To analyze protein expression and phosphorylation, cells were seeded in 6-well plates and treated as described above. They were washed with ice-cold PBS, scraped into PBS, and centrifuged at 1000 rpm for 5 min. The cell pellet was then subjected to subcellular fractionation. To make the total cell lysate, the cells were lysed with RIPA buffer supplemented with a protease inhibitor mixture and a phosphatase inhibitor mixture. The protein concentration was determined using BCA protein assay reagents (Pierce). Fifty micrograms of total cell lysate (or cytosolic, or nuclear) fractions were resolved on a 10% SDS-polyacrylamide gel, Western blotted, and probed with antibodies specific for Nrf2, Kcap1 or Fyn (all from Santa Cruz) or GSK-3β, GSK-3β-phosho-Ser9 (P-GSK3-β, and phosphor GSK-α/-β (pTyr279/pTyr216) (Cell Signaling). The purity of the subcellular fractions was confirmed using the anti-LDH antibody (Chemieon International) and the anti-PCNA antibody (Santa Cruz) for cytosolic and nuclear fractions, respectively. The levels of protein on a Western blot were assessed using Quantity One Image software (Bio-Rad) and normalized against suitable loading controls, including anti-β-actin antibody for total and cytosolic fractions and anti-PCNA antibody for the nuclear fraction.

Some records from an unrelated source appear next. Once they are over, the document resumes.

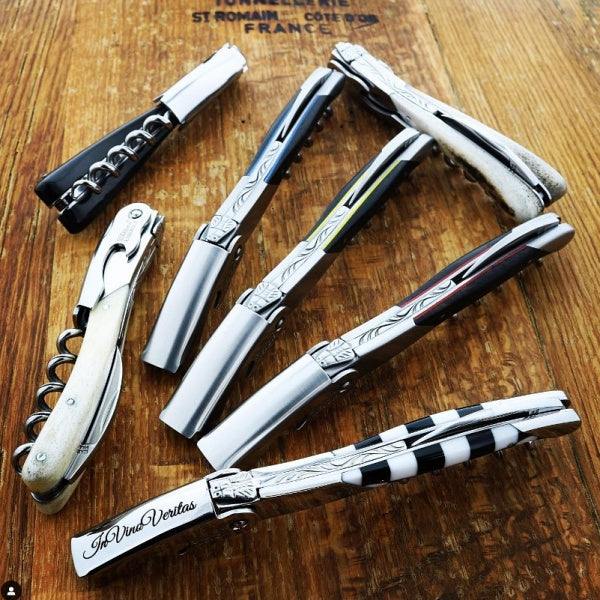 several chateau laguiole style of corkscrew on a wood barrel top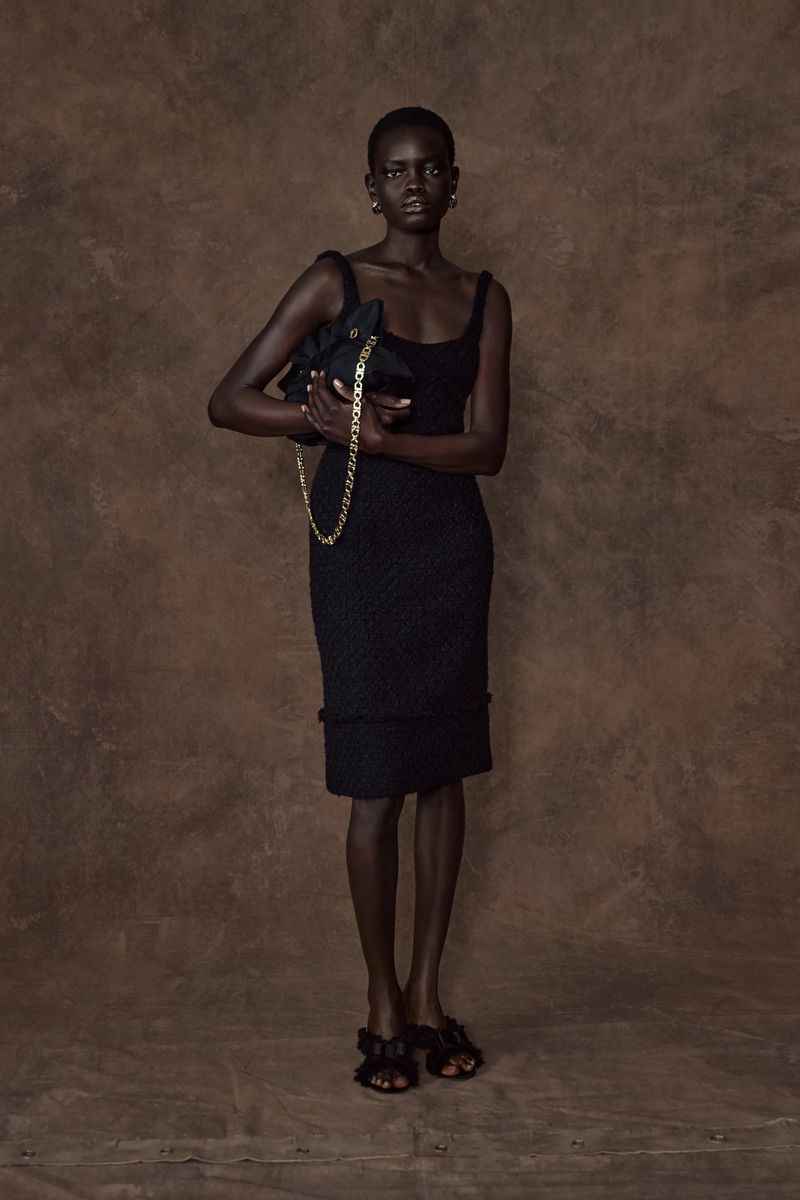 A full studio shot of an African-American woman in a black dress and shoes, holding a black purse with a chain strap against a brown background.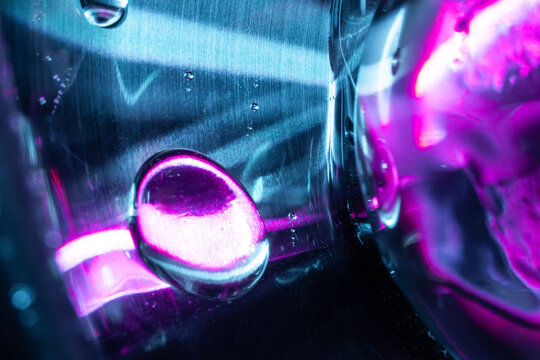Neon liquid droplet on futuristic glass tech background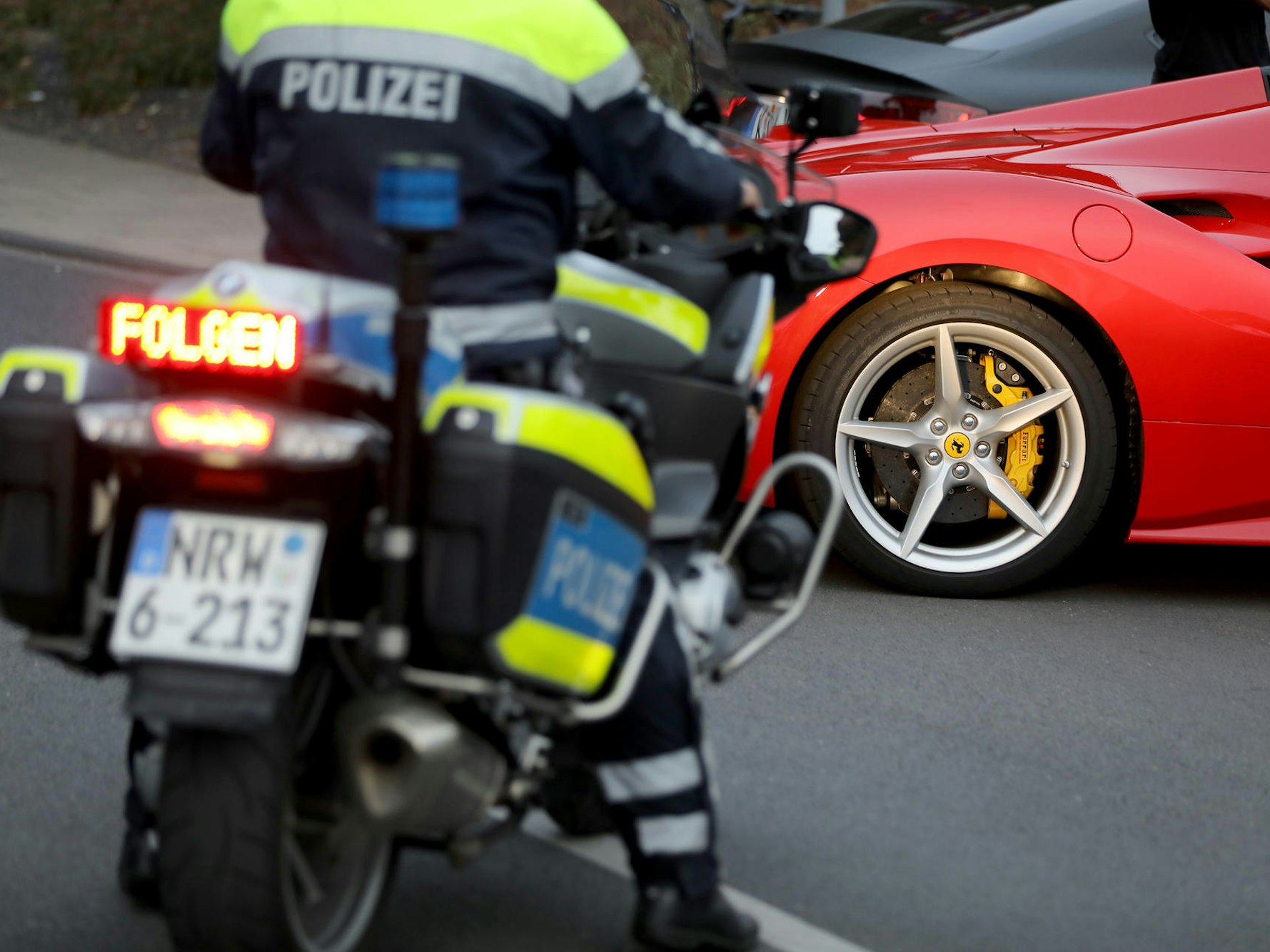 Ein Motorradpolizist hat einen Ferrari angehalten.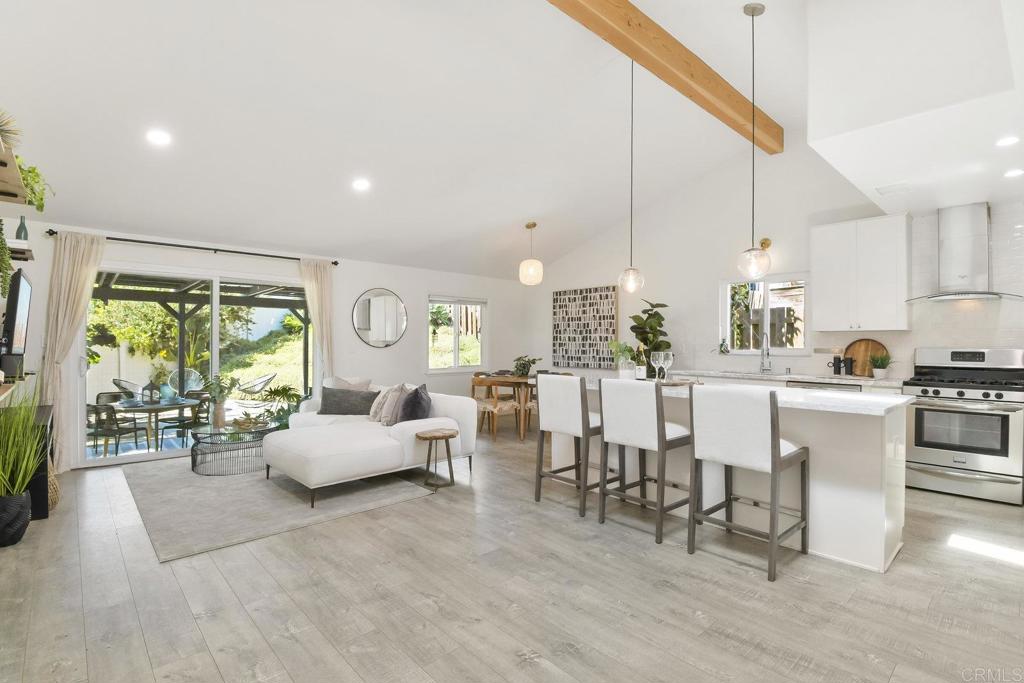 BAY PARK SINGLE-LEVEL GEM ON CORNER LOT WITH AN EXPANSIVE YARD! Beautifully remodeled and full of charm, this Bay Park single level home combines modern design with inviting indoor-outdoor living. Inside, you’ll find a modern open kitchen, stainless steel appliances, shaker cabinets, stylish light fixtures, and eye-catching decorative tile in both bathrooms that add character and warmth. The open layout makes the home feel bright and easy to live in, while the expansive yard truly sets it apart. In the rear yard, enjoy an outdoor living room–style space along with a built-in BBQ, perfect for relaxing or entertaining. The yard then wraps around to a large, private front yard, offering endless possibilities for gardening, play, or creating your own retreat. Located just minutes from Mission Bay, Pacific Beach, neighborhood cafés, restaurants, and convenient freeway access, this home offers the ideal balance of comfort, style, and location.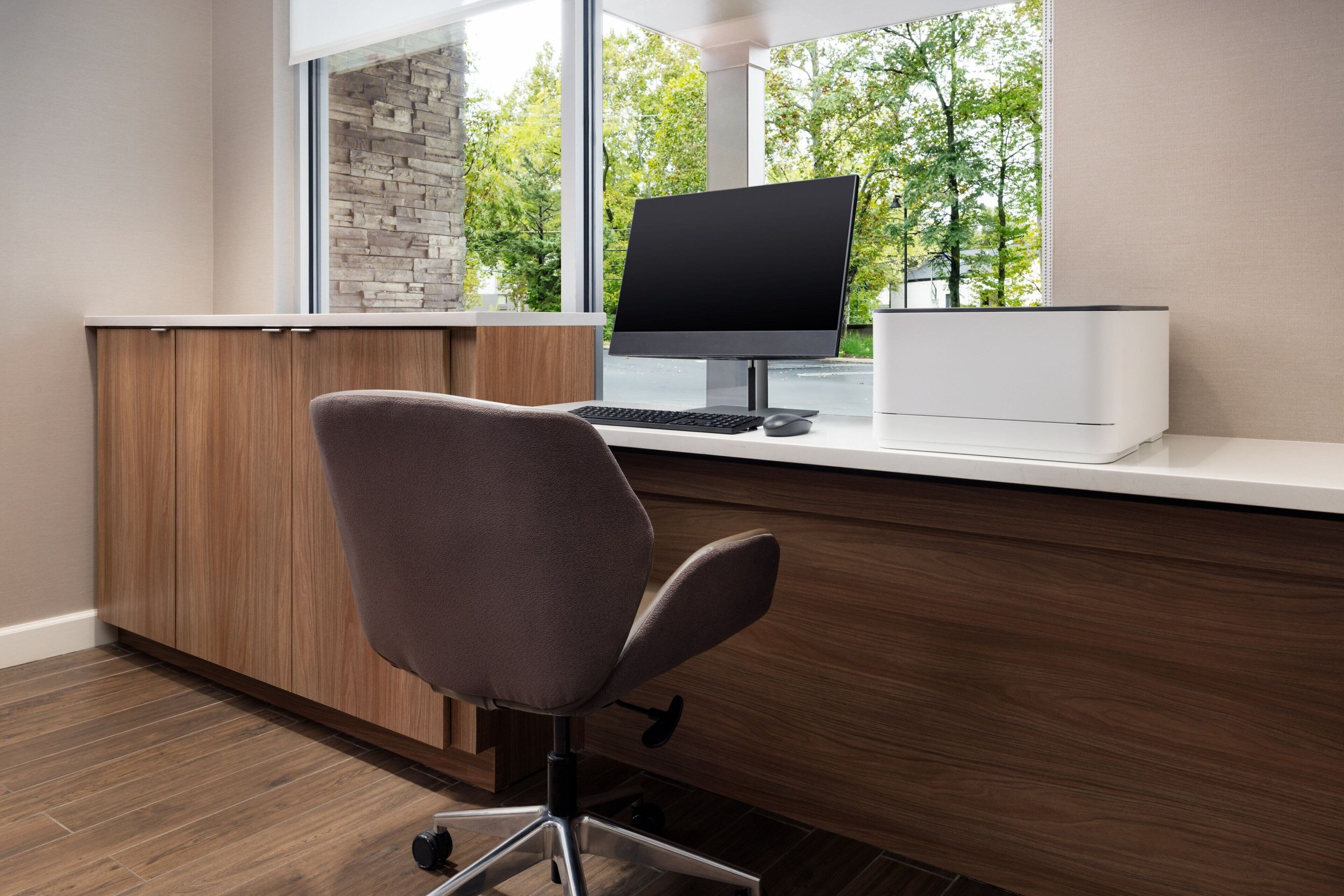 A modern office desk with a computer, a chair, and a view of trees through a window.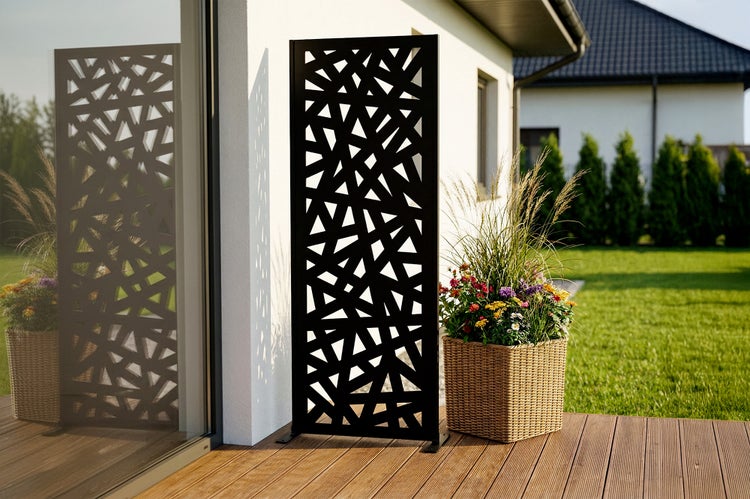 Dekorativer Sichtschutz aus Metall mit geometrischem Muster auf einer modernen Terrasse neben einem Blumenkübel.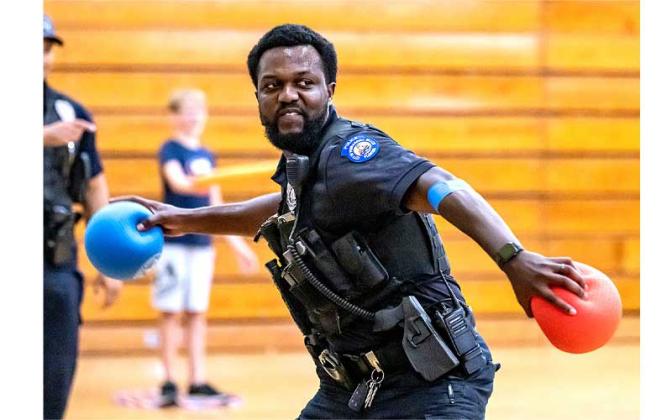 Fernandina Beach police officers stopped by the Fernandina Beach High School gym Tuesday and played dodgeball with the children attending the P.E. Camp this summer. Photos by Penny Glackin/Special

Assessment of Nrf2 half-life was achieved by treating control and diabetic fibroblasts with 50 μM of cycloheximide in order to block protein synthesis. Total cell lysates were collected at different time intervals and subjected to immunoblot with an anti-Nrf2 antibody. The relative intensities of the bands were determined as described above.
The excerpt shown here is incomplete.